> [WHAT TO WORK ON] Each line from the one containing "1456 Clay 431 Rd, Rector, AR 72461" through the end of the data must be retyped exactly, and no other line.

Records from a dataset

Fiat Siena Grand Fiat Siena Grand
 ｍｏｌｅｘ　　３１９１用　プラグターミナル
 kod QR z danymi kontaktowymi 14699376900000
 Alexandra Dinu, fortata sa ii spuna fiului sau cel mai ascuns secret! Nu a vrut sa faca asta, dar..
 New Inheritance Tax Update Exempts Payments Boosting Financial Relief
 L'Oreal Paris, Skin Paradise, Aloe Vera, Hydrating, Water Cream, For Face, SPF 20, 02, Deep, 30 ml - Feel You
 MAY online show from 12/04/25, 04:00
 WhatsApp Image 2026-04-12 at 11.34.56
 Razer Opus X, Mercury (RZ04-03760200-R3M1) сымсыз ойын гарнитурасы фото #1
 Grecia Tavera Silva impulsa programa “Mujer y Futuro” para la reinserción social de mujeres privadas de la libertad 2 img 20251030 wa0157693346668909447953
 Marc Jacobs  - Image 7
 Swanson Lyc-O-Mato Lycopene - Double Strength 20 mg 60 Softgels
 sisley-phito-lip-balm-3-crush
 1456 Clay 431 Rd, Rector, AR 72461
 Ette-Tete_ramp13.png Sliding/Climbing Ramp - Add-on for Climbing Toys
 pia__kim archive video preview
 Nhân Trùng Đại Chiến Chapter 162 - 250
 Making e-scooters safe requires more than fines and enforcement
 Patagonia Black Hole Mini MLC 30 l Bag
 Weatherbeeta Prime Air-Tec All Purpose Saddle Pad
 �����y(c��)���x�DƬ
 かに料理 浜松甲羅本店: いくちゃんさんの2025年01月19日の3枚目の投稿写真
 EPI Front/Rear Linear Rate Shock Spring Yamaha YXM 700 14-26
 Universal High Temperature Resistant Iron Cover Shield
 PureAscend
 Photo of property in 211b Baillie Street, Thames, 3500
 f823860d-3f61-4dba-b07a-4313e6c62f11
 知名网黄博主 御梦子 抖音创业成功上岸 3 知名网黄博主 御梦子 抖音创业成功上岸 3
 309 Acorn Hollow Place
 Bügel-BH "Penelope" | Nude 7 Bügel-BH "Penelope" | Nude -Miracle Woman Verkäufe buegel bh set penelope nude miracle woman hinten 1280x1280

> [OUTPUT OF THE TASK]
 1456 Clay 431 Rd, Rector, AR 72461
 Ette-Tete_ramp13.png Sliding/Climbing Ramp - Add-on for Climbing Toys
 pia__kim archive video preview
 Nhân Trùng Đại Chiến Chapter 162 - 250
 Making e-scooters safe requires more than fines and enforcement
 Patagonia Black Hole Mini MLC 30 l Bag
 Weatherbeeta Prime Air-Tec All Purpose Saddle Pad
 �����y(c��)���x�DƬ
 かに料理 浜松甲羅本店: いくちゃんさんの2025年01月19日の3枚目の投稿写真
 EPI Front/Rear Linear Rate Shock Spring Yamaha YXM 700 14-26
 Universal High Temperature Resistant Iron Cover Shield
 PureAscend
 Photo of property in 211b Baillie Street, Thames, 3500
 f823860d-3f61-4dba-b07a-4313e6c62f11
 知名网黄博主 御梦子 抖音创业成功上岸 3 知名网黄博主 御梦子 抖音创业成功上岸 3
 309 Acorn Hollow Place
 Bügel-BH "Penelope" | Nude 7 Bügel-BH "Penelope" | Nude -Miracle Woman Verkäufe buegel bh set penelope nude miracle woman hinten 1280x1280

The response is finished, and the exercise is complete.